The revision, which came into effect immediately, ends weeks of uncertainty over whether rising global crude oil costs would be passed on to consumers.
With the latest hike, petrol in the national capital now costs around Rs 97.77 per litre, while diesel has risen to about rs 90.67 per litre, according to industry sources.
While the increase has sparked concern among consumers, economists and industry experts say the revision is still significantly lower than earlier fears of a sharper adjustment amid global oil market volatility.
Disruptions linked to tensions around the Strait of Hormuz and fluctuating Brent crude prices had triggered speculation that fuel rates in India could see a much steeper upward revision.
Instead, oil marketing companies appear to have opted for a calibrated hike to avoid an immediate inflationary shock.
Though the increase may appear modest, analysts caution that fuel price revisions have a cascading effect on the broader economy.
Diesel, which powers the bulk of India’s logistics and transport network—including trucks, buses, agricultural machinery and generators—has a direct impact on supply chains. Petrol affects commuters more immediately, but diesel influences the cost structure of goods and services across sectors.
Any sustained increase in fuel prices typically feeds into higher freight charges, logistics costs and eventually retail inflation.
Vegetables, fruits and essentials may feel the pressure
The first impact of higher diesel prices is expected in the transportation of essentials.
Vegetables, fruits, milk, grains and packaged foods are largely transported via diesel-run trucks. While transporters may not immediately revise freight rates, sustained increases often force gradual adjustments, leading to higher market prices.
Perishable goods are particularly vulnerable, as cold-chain storage and refrigerated transport depend heavily on fuel consumption.
Airfares may edge higher
The aviation sector could also face cost pressures, with global jet fuel prices already elevated due to supply disruptions and geopolitical tensions.

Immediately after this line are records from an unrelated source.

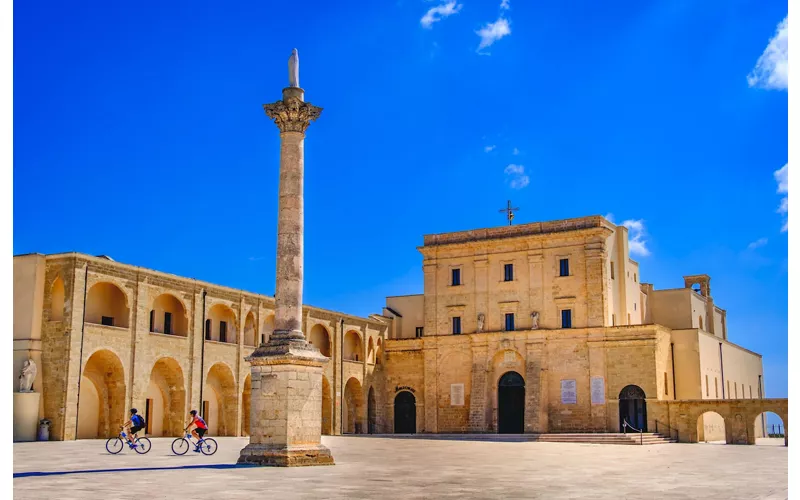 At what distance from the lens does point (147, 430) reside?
38562 mm

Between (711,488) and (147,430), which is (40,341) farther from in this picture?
(711,488)

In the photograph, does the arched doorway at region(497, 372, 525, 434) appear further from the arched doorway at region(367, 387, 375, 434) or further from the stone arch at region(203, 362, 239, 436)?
the stone arch at region(203, 362, 239, 436)

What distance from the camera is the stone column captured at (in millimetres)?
18906

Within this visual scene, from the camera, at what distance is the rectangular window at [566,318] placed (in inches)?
1892

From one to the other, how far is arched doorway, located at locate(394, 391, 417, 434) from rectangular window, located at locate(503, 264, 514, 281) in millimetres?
9717

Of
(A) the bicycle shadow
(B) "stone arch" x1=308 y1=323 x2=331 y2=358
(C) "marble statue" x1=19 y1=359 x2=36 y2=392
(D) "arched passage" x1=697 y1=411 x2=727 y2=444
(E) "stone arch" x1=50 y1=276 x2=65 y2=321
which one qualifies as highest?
(E) "stone arch" x1=50 y1=276 x2=65 y2=321

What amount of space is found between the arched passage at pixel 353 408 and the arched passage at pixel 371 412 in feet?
3.35

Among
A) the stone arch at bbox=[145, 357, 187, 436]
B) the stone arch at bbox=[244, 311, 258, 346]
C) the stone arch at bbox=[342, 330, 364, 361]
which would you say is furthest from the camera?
the stone arch at bbox=[342, 330, 364, 361]

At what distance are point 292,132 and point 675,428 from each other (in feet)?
99.9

Industry experts say airlines may initially absorb some of the increased costs to protect demand, but prolonged volatility could push airfares upward, especially on high-traffic domestic routes and during peak travel seasons.
Delivery charges and cab fares under watch
Consumers may also see indirect effects in the form of higher delivery fees and transport charges.
App-based delivery platforms and ride-hailing services operate on tight margins where fuel costs play a key role. While base fares may remain unchanged initially, surge pricing, convenience fees and delivery charges could gradually rise.
In Delhi, CNG prices have also increased by ₹2 per kg, adding further pressure on auto-rickshaw and taxi operators, who have historically sought fare revisions during sustained fuel cost increases.
Impact on farming costs
The rural economy is also expected to feel the pinch.
Farmers rely heavily on diesel for tractors, irrigation pumps and transportation of produce to mandis. Higher fuel costs can raise cultivation expenses, particularly during peak agricultural cycles, and may eventually reflect in food prices.